Question

Is there any guarantee by any commonly followed standard (ISO C or C++, or any of the POSIX/SUS specifications) that a variable (perhaps marked volatile), not guarded by a mutex, that is being accessed by multiple threads will become eventually consistent if it is assigned to?

To provide a specific example, consider two threads sharing a variable v, with initial value zero.

Thread 1: v = 1

Thread 2: while(v == 0) yield();

Is thread 2 guaranteed to terminate eventually? Or can it conceivably spin forever because the cache coherency never kicks in and makes the assignment visible in thread 2's cache?

I'm aware the C and C++ standards (before C++0x) do not speak at all about threads or concurrency. But I'm curious if the C++0x memory model, or pthreads, or anything else, guarantees this. (Apparently this does actually work on Windows on 32-bit x86; I'm wondering if it's something that can be relied on generally or if it just happens to work there).

Was it helpful?

Solution

It's going to depend on your architecture. While it is unusual to require an explicit cache flush or memory sync to ensure memory writes are visible to other threads, nothing precludes it, and I've certainly encountered platforms (including the PowerPC-based device I am currently developing for) where explicit instructions have to be executed to ensure state is flushed.

Note that thread synchronisation primitives like mutexes will perform the necessary work as required, but you don't typically actually need a thread synchronisation primitive if all you want is to ensure the state is visible without caring about consistency - just the sync / flush instruction will suffice.

EDIT: To anyone still in confustion about the volatile keyword - volatile guarantees the compiler will not generate code that explicitly caches data in registers, but this is NOT the same thing as dealing with hardware that transparently caches / reorders reads and writes. Read e.g. this or this, or this Dr Dobbs article, or the answer to this SO question, or just pick your favourite compiler that targets a weakly consistent memory architecture like Cell, write some test code and compare what the compiler generates to what you'd need in order to ensure writes are visible to other processes.

OTHER TIPS

If I've understood correctly the relevant sections, C++0X won't guaranteed it for standalone variable or even volatile one (volatile isn't designed for that use), but will introduce atomic types for which you'll have the guarantee (see header <atomic>).

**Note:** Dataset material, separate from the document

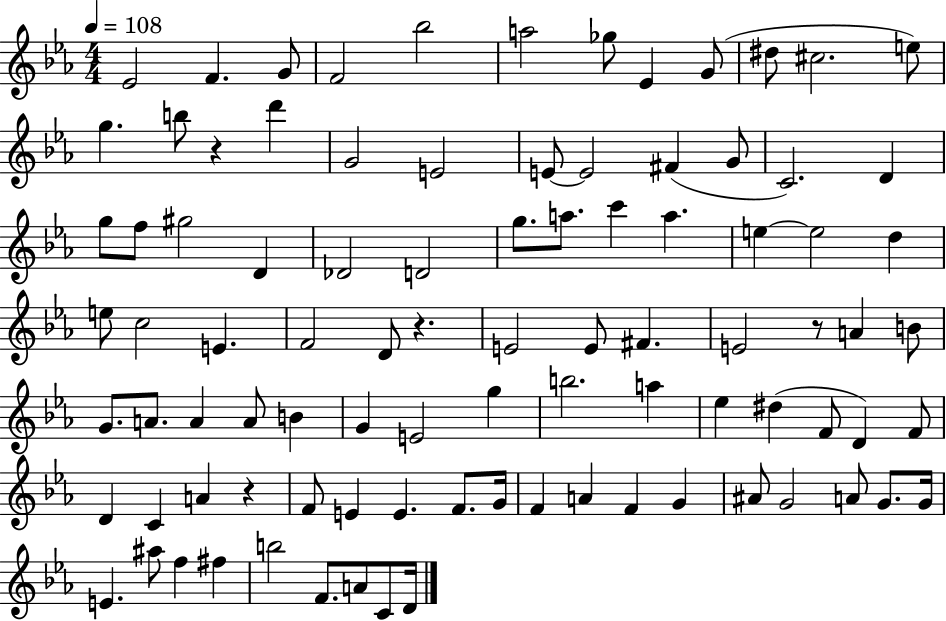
Eb4/h F4/q. G4/e F4/h Bb5/h A5/h Gb5/e Eb4/q G4/e D#5/e C#5/h. E5/e G5/q. B5/e R/q D6/q G4/h E4/h E4/e E4/h F#4/q G4/e C4/h. D4/q G5/e F5/e G#5/h D4/q Db4/h D4/h G5/e. A5/e. C6/q A5/q. E5/q E5/h D5/q E5/e C5/h E4/q. F4/h D4/e R/q. E4/h E4/e F#4/q. E4/h R/e A4/q B4/e G4/e. A4/e. A4/q A4/e B4/q G4/q E4/h G5/q B5/h. A5/q Eb5/q D#5/q F4/e D4/q F4/e D4/q C4/q A4/q R/q F4/e E4/q E4/q. F4/e. G4/s F4/q A4/q F4/q G4/q A#4/e G4/h A4/e G4/e. G4/s E4/q. A#5/e F5/q F#5/q B5/h F4/e. A4/e C4/e D4/s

First off, if it's not marked volatile there is a good chance the compiler may only load it once. So regardless of whether the memory eventually changes, there is no guarantee the compile will set it.

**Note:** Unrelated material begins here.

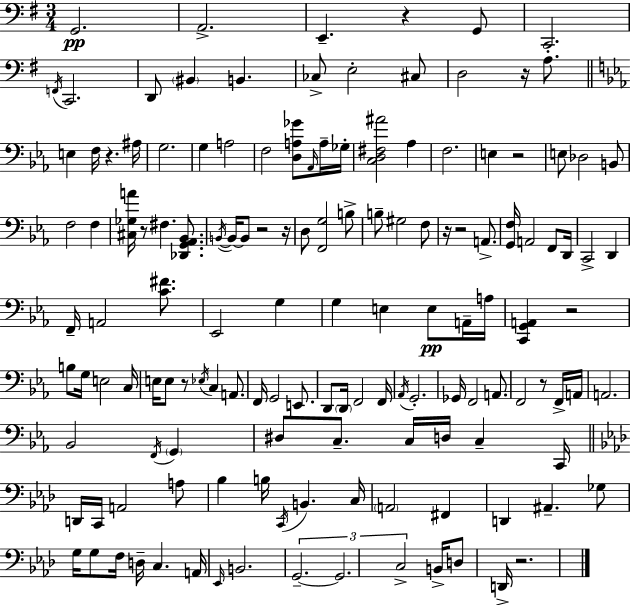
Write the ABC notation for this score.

Since you explicitly say "no mutexes", pthreads doesn't apply.

Beyond that, since C++ does not have a memory model, it depends on the hardware architecture.

This is a potential data race.

With respect to POSIX thread, this is UB. Same with C++ I believe.

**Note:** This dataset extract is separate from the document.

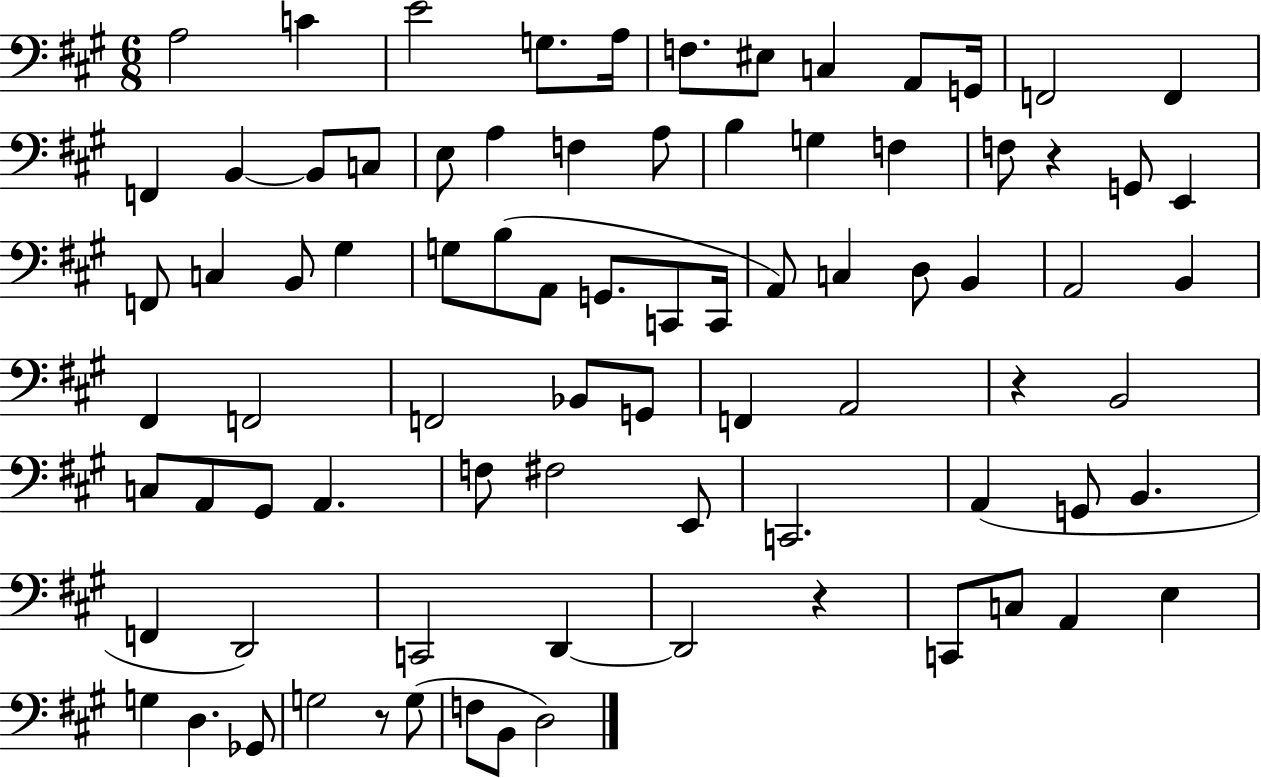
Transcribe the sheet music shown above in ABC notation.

In practice I cannot imagine how it could fail.

Is thread 2 guaranteed to terminate eventually? Or can it conceivably spin forever because the cache coherency never kicks in and makes the assignment visible in thread 2's cache?

If the variable is not volatile, you have no guarantees. Pre-C++0x, the standard just has nothing to say about threads, and since the variable is not volatile, reads/writes are not considered observable side effects, so the compiler is allowed to cheat. Post-C++0x, it's a race condition, which is explicitly stated to be undefined behavior.

If the variable is volatile, you get the guarantee that reads/writes will happen, and that the compiler won't be reordered with respect to other volatile memory accesses. (However, this does not by itself guarantee that the CPU won't reorder these memory accesses -- just that the compiler won't)

But you have no guarantee that it won't be reordered with respect to other non-volatile accesses, so you might not get the behavior you expected. In particular, some of the instructions after the while loop, which you're trying to "protect" may be moved up ahead of the loop if the compiler deems it safe (and beneficial) to do so. But in performing this analysis, it only looks at the current thread, not what happens in other threads.

So no, in general, it is not guaranteed to work correctly, even with volatile. It might, and it probably often will, but not always (and it depends on what happens after the loop). It depends on how far the compiler is willing to go with optimizations. But it is allowed to go far enough to break the code. So don't rely on it. If you want to synchronize around something like this, use memory barriers. That's what they're for. (And if you do that, you don't even need the volatile any more)

I think it will work eventually on any platform, but no idea on the delay that you may see.

But honestly, it is really bad style to do a polling wait for an event. Even though you do a yield your process will be rescheduled again and again, without doing anything.

Since you already know how to place a variable somewhere where it is accessible to both, why not use the right tools to do a wait that doesn't eat up resources? A pair of pthread_mutex_t and pthread_cond_t should perfectly do the trick.